We recently asked for testimonials from people who have participated in texting and driving campaigns in their schools. We received a lot of touching responses from people all across the country. Abby's was not only touching, it was inspirational. It moved us. It motivated us. Here is Abby's story:
"I wanted to tell you about the campaign that we started at our school. It all began on December 30, 2011. I lost my 18 year old cousin in a texting and driving accident. She had everything going for her; was a part of NHS, lead scorer on her varsity basketball team, and was accepted into Indiana University where she was scheduled to start this week. On that Friday evening, she was taking a friend home after a day of shopping and she chose to read and respond to a text message. She was not wearing her seatbelt and when she lost control of the minivan she was driving, she was ejected out of the front windshield and was pronounced dead at the scene. Our family was deeply traumatized by this accident and the loss of such a beautiful person.
As I drove home, 5.5 hours, to attend her visitation and funeral, I witnessed many people texting and driving. Each person I saw sparked an anger and frustration and I felt determined to do something about it. Fortunately, I am a teacher at a K-12 public school and knew I had access to the perfect audience. When I returned to school, I was approached by my principal and several teachers who wanted me to tell my family's story to the highschool student body. This is EXACTLY what I wanted.

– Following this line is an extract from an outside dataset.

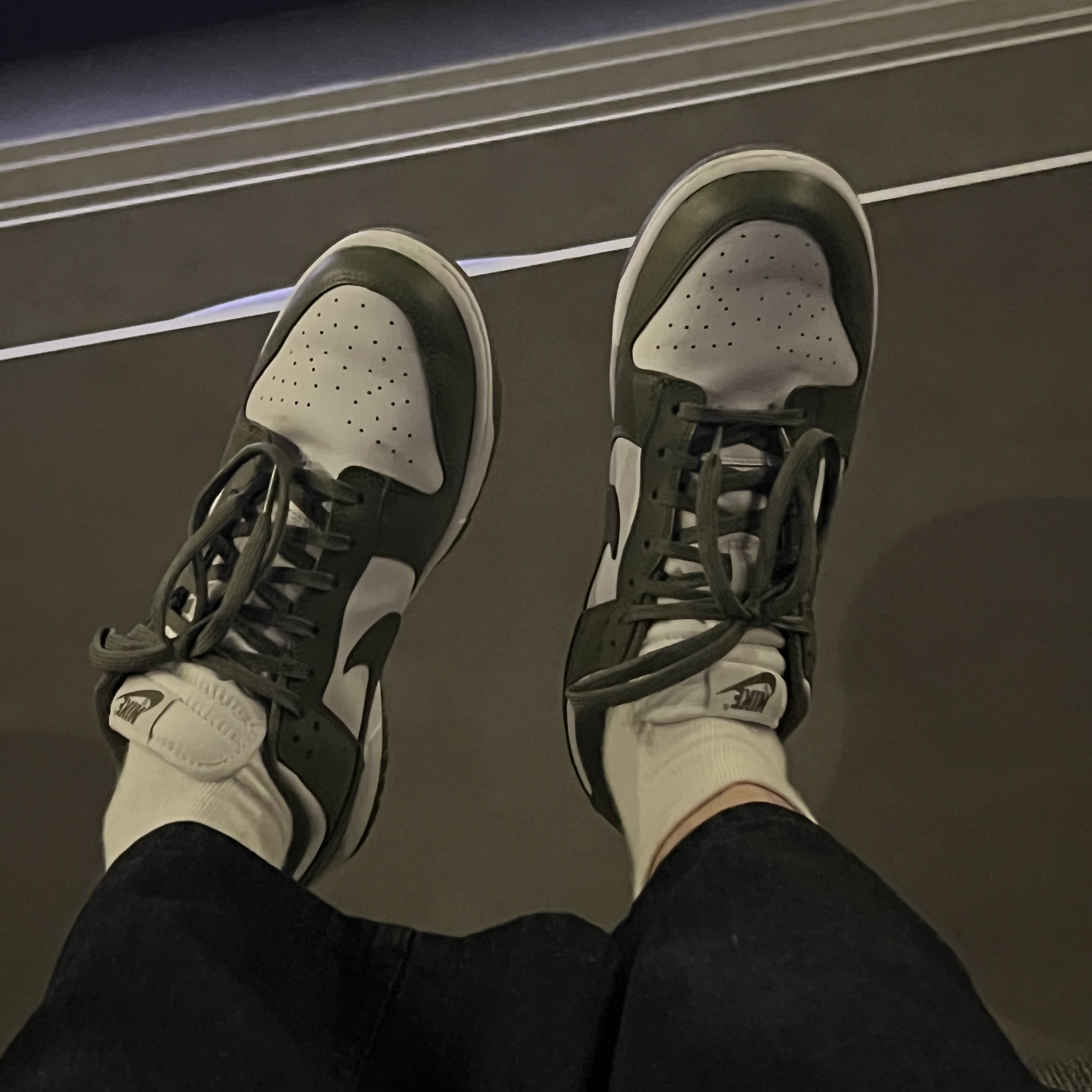 (W) Nike Dunk Low Medium Olive 착용 스타일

A week later, while the pain was still deep, an assembly was scheduled where I told my cousin's story. The reaction and response was larger than I had ever anticipated. I had students coming up to me afterwards with tears streaming down their face. I had one student who said to me that texting and driving was something she had always done but never had anything to connect it to. She promised me, on that afternoon, that she would never do it again. I knew that my determination couldn't end on that afternoon. I knew that my family had been too greatly impacted for it to end with that presentation.

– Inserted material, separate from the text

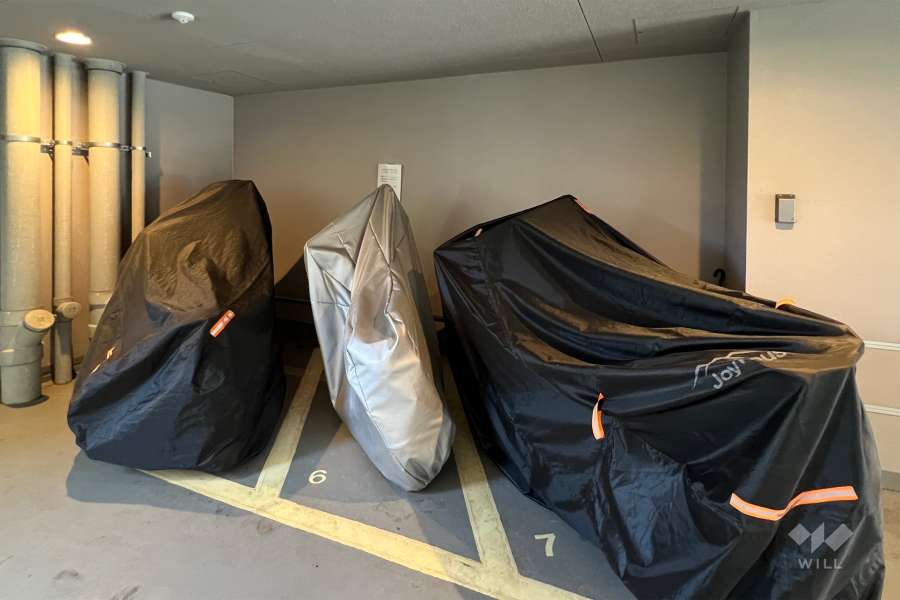 バイク置場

After I found out that my cousin's school had ordered thumb bands from your company, I decided to place my own order for the students and faculty at my school. A club at school approached me about wanting to help finance the order and we ordered 500 thumb bands. At that point we were unsure of how we would distribute those thumb bands. Several weeks passed and a plan came together. We entered a contest through Toyota and Discovery Education and came up with a distracted driving campagin. In March, we held another assembly. We presented our students with a pledge that they could sign during lunch that day. The pledge card was geared towards drivers, but on the reverse side were conversation starters. The conversation starters were ways that nondrivers could ask a driver (friend, parent, etc) to put their phone away while they are driving in the car. Each student that signed the pledge received a thumb band. During the assembly we also provided students with information on apps for their phones that could be downloaded to prevent texting while driving.

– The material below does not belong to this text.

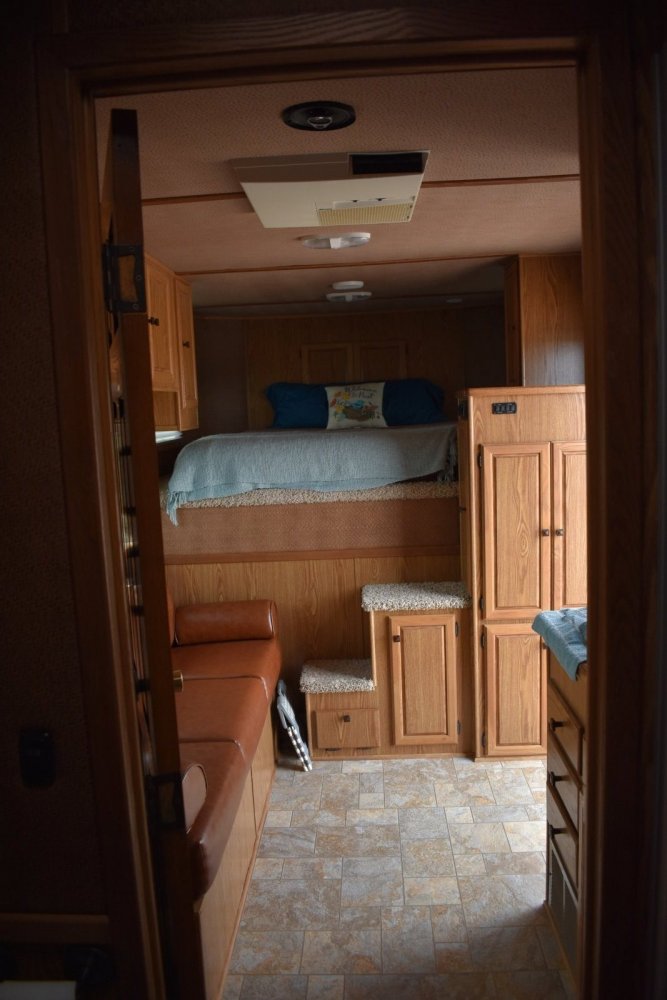 Sundowner 8011 Living Quarters 4 horse trailer, 11' short wall, 15K, rear load ramp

We ended the assembly with a video message from my cousin's friends. The video reiterated the loss of their friend and how the impact of losing someone you love can be lasting. We ended up coming in second place in the Toyota Teen Driver Contest.
We were awarded with a driving simulator and cash prize, worth a total of over $18,000. With our award, our campaign has gotten even stronger. We have bought wrist bands and lawn signs that help promote our campaign. We set up a campaign booth at a local festival, where we presented our information and sold lawn signs to the public. In June, we were able to offer one of our high school seniors a scholarship in my cousin's honor. Our campaign has taken on a tremendous speed and urgency and I can't believe how far it has come. Now that we have our driving simulator, I am eager to continue spreading awareness and encouraging drivers, young and old, to put their phones away, while behind the wheel. No text is worth your life"
Thank you to Abby, and to everyone else out there working to make a difference and save the lives of teen drivers all across North America. Keep up the good work!